Two siblings, a 14-year-old male child and a 13-year-old female child, born to third-degree consanguineous parents, presented with abnormal facies and prematurely aged appearance. History from the mother revealed that the antenatal period was uneventful during both the pregnancies. Both the children were delivered at term by cesarean section and their birth weight was more than 2.75 kg. Mile stones were attained normally till 9 months of age after which growth retardation was noticed in both the children.

Height of the male and female child was 91 and 90 cm, respectively, while their weight was 11 and 10 kg, respectively. They had bird like facies with patent anterior fontanalle, frontal bossing, prominent eyes, protruding ears, beaked nose and micrognathia [Figure 1]. Teeth were crowded and irregularly erupted [Figure 2]. Eyebrows were absent in the male and sparse in the female. They had high pitched voice and their intelligence was normal.

Figure 1

Beaked nose, protruding ears and micrognathism in both children

Figure 2

Crowded and irregularly erupted teeth

Dermatological examination revealed shiny hyperpigmented skin over forhead and thin, and wrinkled skin over hands and feet. There were hypopigmented macules interspersed between hyperpigmented macules in the chest and abdomen [Figure 3]. Finger and toe nails were dystrophic. Scalp hair was sparse in the male and normal in the female. They had no photosensitivity.

Figure 3

Thin and wrinkled skin over the hands with dystrophic nails

Their blood count, hemoglobin percentage, blood sugar, renal and liver parameters and lipid profile were within normal limits. Total thyroxine (TT4), thyroid stimulating hormone (TSH), growth hormone (GH) levels were normal and there was no evidence of primary endocrinological dysfunction. Urine mucopolysaccharides were negative. USG abdomen revealed a mild hepatomegaly in the male child and no significant findings in the female child. Cardiac evaluation showed that ECG was within normal limits. Echo showed mild anterior mitral leaflet thickening and trivial aortic regurgitation in the male child and mitral valve prolapse with trivial mitral regurgitation in the female child but their left ventricular function was normal. Male child complained of visual disturbances and on ophthalmologic examination, he was found to have hypermetropia and pseudopapillitis. The female child had a swelling in the gums and was diagnosed as peripheral ossifying fibroma in the dental OPD. CT and X-ray skull showed normal facial and skull bones with open anterior fontanalle. Skin biopsy showed thinned out epidermis and increased collagen in the mid-dermis.

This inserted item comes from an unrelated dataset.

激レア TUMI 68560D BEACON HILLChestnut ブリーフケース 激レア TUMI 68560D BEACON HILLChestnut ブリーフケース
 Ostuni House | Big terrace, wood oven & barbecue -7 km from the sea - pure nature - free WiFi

A diagnosis of progeria was made based on the clinical findings of short stature with bird like facies, hair and nail changes and normal intelligence.

Discussion

Short stature, bird like facies and normal intelligence are distinctive features of progeria. In our case, the skin changes and normal intelligence excluded the other disorders with short stature and abnormal facies like bird headed dwarfism. The early age at onset excluded pangeria. Typical facial changes ruled out acrogeria. The lack of photosensitivity ruled out Rothmund thomson syndrome. Absence of disproportionately large extremities, ocular changes and photosensitivity helped to exclude Cockayne syndrome.

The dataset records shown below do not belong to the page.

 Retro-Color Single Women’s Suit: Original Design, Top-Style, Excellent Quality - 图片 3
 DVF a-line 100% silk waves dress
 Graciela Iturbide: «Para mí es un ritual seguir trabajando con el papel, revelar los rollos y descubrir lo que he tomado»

Classical Hutchinson–Gilford progeria syndrome is almost never passed on from parent to child. It is usually caused by a new (sporadic) mutation during the early division of the cells in the child.[5] It is usually genetically dominant; therefore, parents who are healthy will normally not pass it on to their children. Affected children rarely live long enough to have children themselves. They typically live about 13 years, although many have been known to live into their late teens and early twenties and rarely some individuals may reach their forties.

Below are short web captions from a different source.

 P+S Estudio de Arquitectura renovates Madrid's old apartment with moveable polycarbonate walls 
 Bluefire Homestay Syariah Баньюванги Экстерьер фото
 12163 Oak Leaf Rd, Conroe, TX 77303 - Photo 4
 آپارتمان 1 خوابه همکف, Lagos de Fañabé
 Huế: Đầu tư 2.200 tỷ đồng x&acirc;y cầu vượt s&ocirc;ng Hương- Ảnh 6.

Clinically, healthy parents with affected siblings in the family favor autosomal recessive pattern of inheritance, as in our case. There are very few case reports[6-8] of progeria in siblings with an autosomal recessive pattern of inheritance, which have been documented in India. We add on to this rare case list by reporting progeria in two children of the same family, suggesting an autosomal recessive pattern of inheritance.